**Work item**:
Taking the entries below, transcribe only the lines starting with the one with "Cute Engineering Vehicle" and going on through the one with "Signamio Silicone Mat", exactly as written, without the pictures.

**Given records**:
###

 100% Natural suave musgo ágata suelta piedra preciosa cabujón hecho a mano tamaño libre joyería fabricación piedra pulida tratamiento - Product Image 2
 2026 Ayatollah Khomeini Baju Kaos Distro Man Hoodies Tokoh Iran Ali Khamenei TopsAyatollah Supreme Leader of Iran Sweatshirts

###

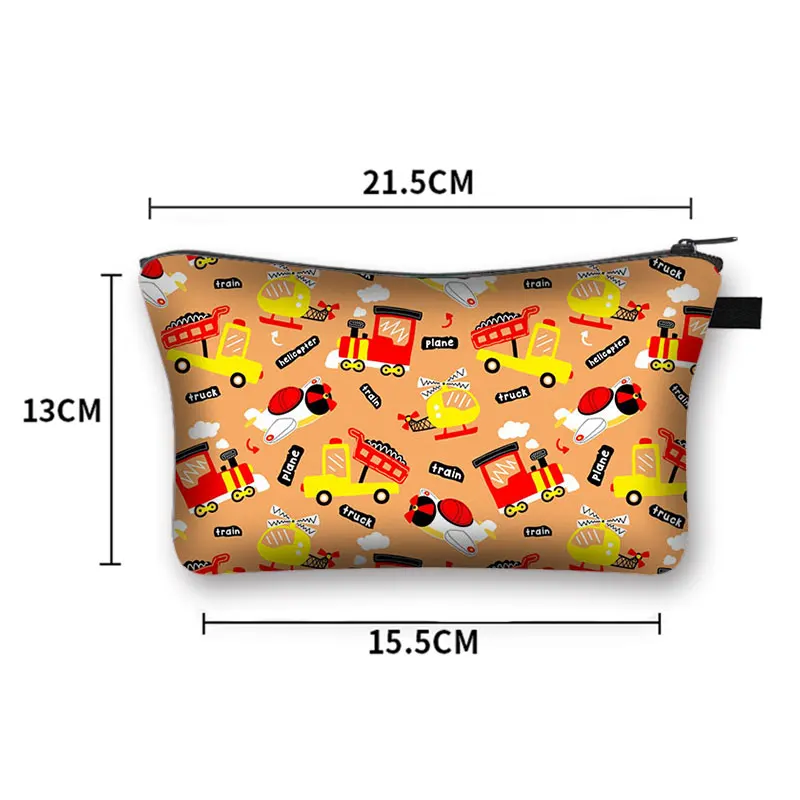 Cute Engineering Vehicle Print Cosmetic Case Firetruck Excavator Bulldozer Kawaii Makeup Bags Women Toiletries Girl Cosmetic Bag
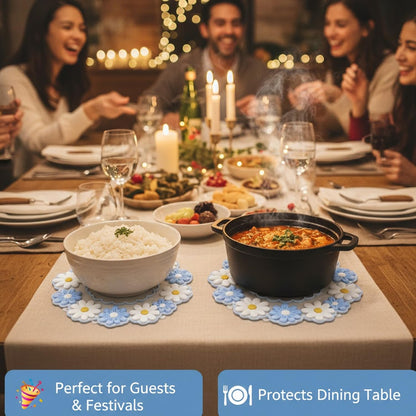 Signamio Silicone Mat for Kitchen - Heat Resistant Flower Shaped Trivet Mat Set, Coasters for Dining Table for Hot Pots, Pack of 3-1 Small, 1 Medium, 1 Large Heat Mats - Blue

###

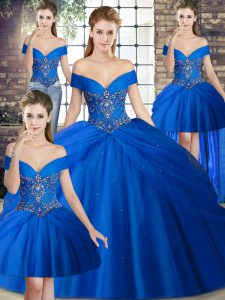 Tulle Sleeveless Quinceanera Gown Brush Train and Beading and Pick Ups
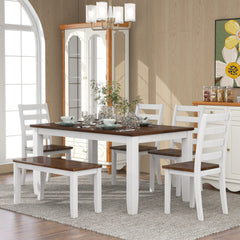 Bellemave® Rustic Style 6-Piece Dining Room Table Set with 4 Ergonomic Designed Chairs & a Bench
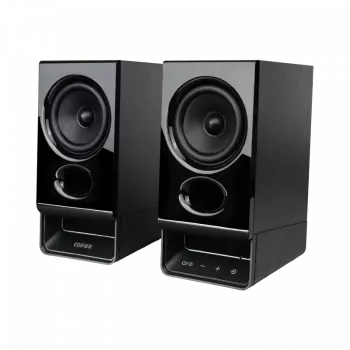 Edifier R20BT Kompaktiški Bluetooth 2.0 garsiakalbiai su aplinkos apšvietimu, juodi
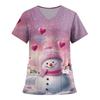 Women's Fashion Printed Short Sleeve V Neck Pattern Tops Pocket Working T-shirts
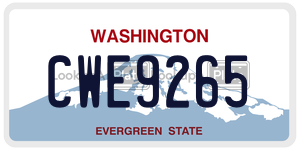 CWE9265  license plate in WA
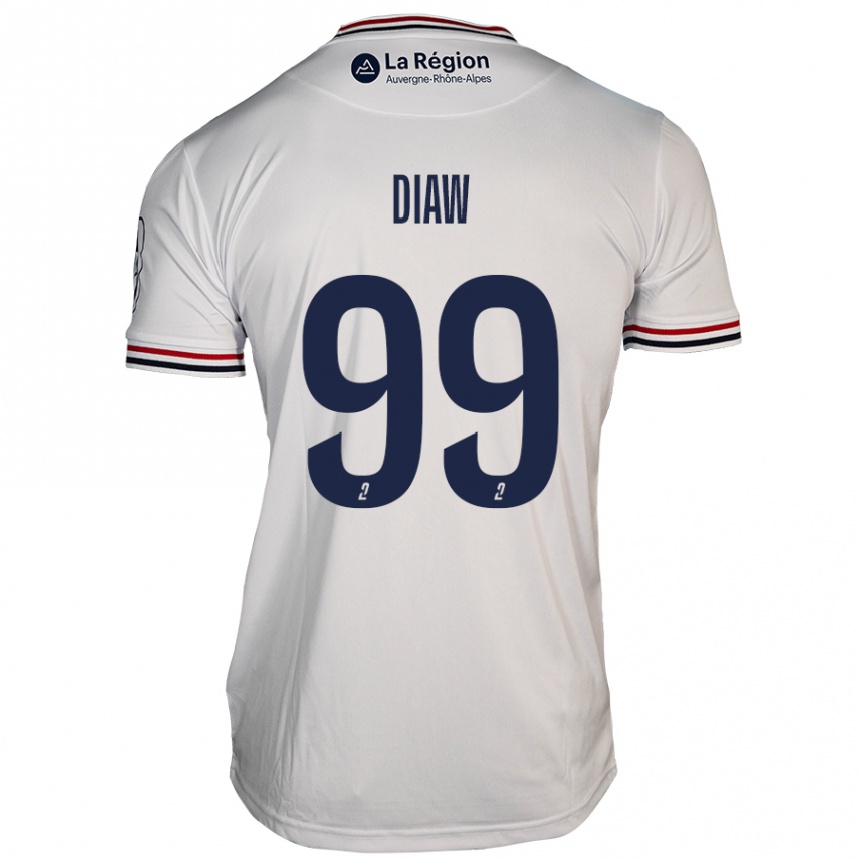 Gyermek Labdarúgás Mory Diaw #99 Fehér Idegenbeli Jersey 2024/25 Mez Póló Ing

###

**Solution to the problem**:
 Cute Engineering Vehicle Print Cosmetic Case Firetruck Excavator Bulldozer Kawaii Makeup Bags Women Toiletries Girl Cosmetic Bag
 Signamio Silicone Mat for Kitchen - Heat Resistant Flower Shaped Trivet Mat Set, Coasters for Dining Table for Hot Pots, Pack of 3-1 Small, 1 Medium, 1 Large Heat Mats - Blue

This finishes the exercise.